The Big Five emerged as the winner, boasting twice the predictive accuracy of our Jungian test (when used as a binary category, like ‘ISTJ’, which is the typical use of such tests; not using a continuous numerical score for each trait). The results below show the average correlations:

In our analysis, the Big Four (which is the Big Five minus Neuroticism) outperformed the Jungian binary type in predicting outcomes, showing that the Big Five test did not merely outperform because it has five traits instead of four. We chose Neuroticism to remove in this analysis because it’s the Big Five trait that is least captured in the Jungian test.

We also compared the binary Jungian Type classifications (E vs. I, N vs. S, F vs. T and P vs.

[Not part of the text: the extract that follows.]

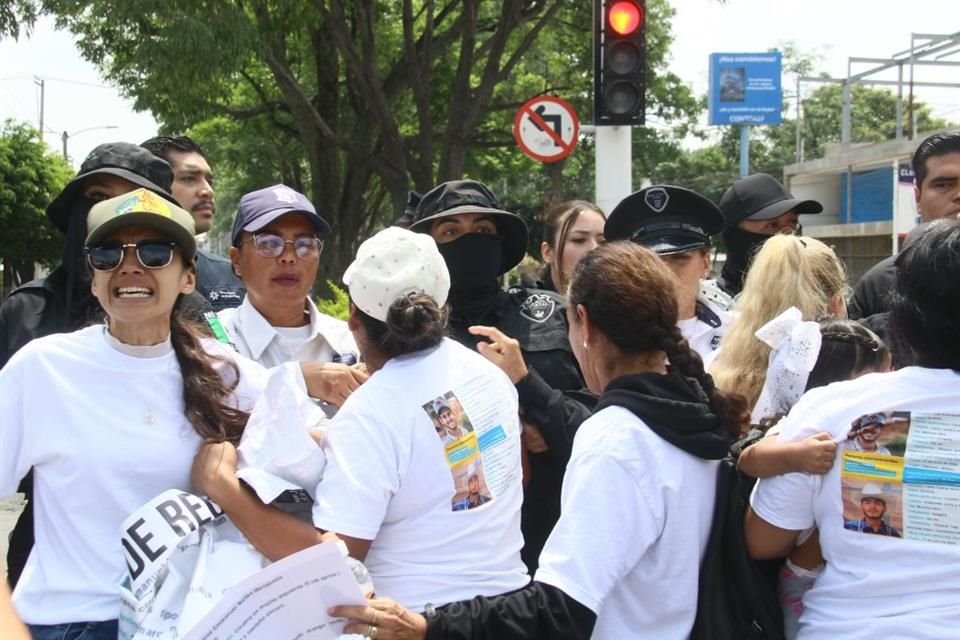 Entre empujones y jaloneos, policías del Estado retiraron a familiares de personas desaparecidas cuando bloqueaban el cruce de Avenida López Mateos y Manuel Acuña.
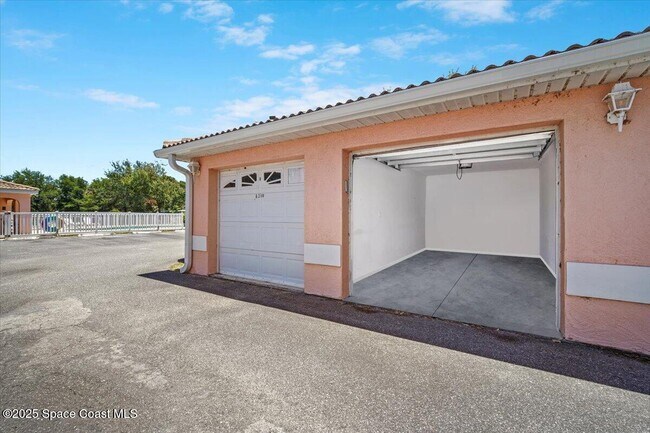 Building Photo - 2097 Hidden Grove Ln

J) to the continuous Jungian scores (with each participant being assigned a continuous number for each of the 4 Jungian traits). Unsurprisingly, the numerical continuous version performed better, though still not as well as the Big Four (the Big Five without Neuroticism).

The Jungian binary version loses information because each score is turned into just a 0 or 1, which probably is the reason that it underperforms the continuous version. The Jungian binary categories did, however, have greater predictive accuracy than astrological sun signs (e.g., "I am an Aquarius" or "I am a Pisces"), which had no predictive accuracy whatsoever.

Interestingly, combining the Big Five and Jungian frameworks didn't add predictive power compared to using the Big Five alone. Using linear/logistic regression, the Big Five alone yields an average R^2 of 0.06 (or, equivalently, a correlation between predictions and actual life outcomes of 0.23), which is no different than when we also include the Jungian variables. Median R^2 values also were the same whether we used just the Big Five or used the Big Five and the Jungian variables together.

Perhaps surprisingly, the Enneagram binary framework performed better than the Jungian Type binary. Considering that Enneagram binary is composed of only a single type assignment (e.g., Type 1, or Type 2, etc.), the Enneagram's performance is even more impressive. That being said, the Enneagram still produced substantially worse predictions than the Big Five test.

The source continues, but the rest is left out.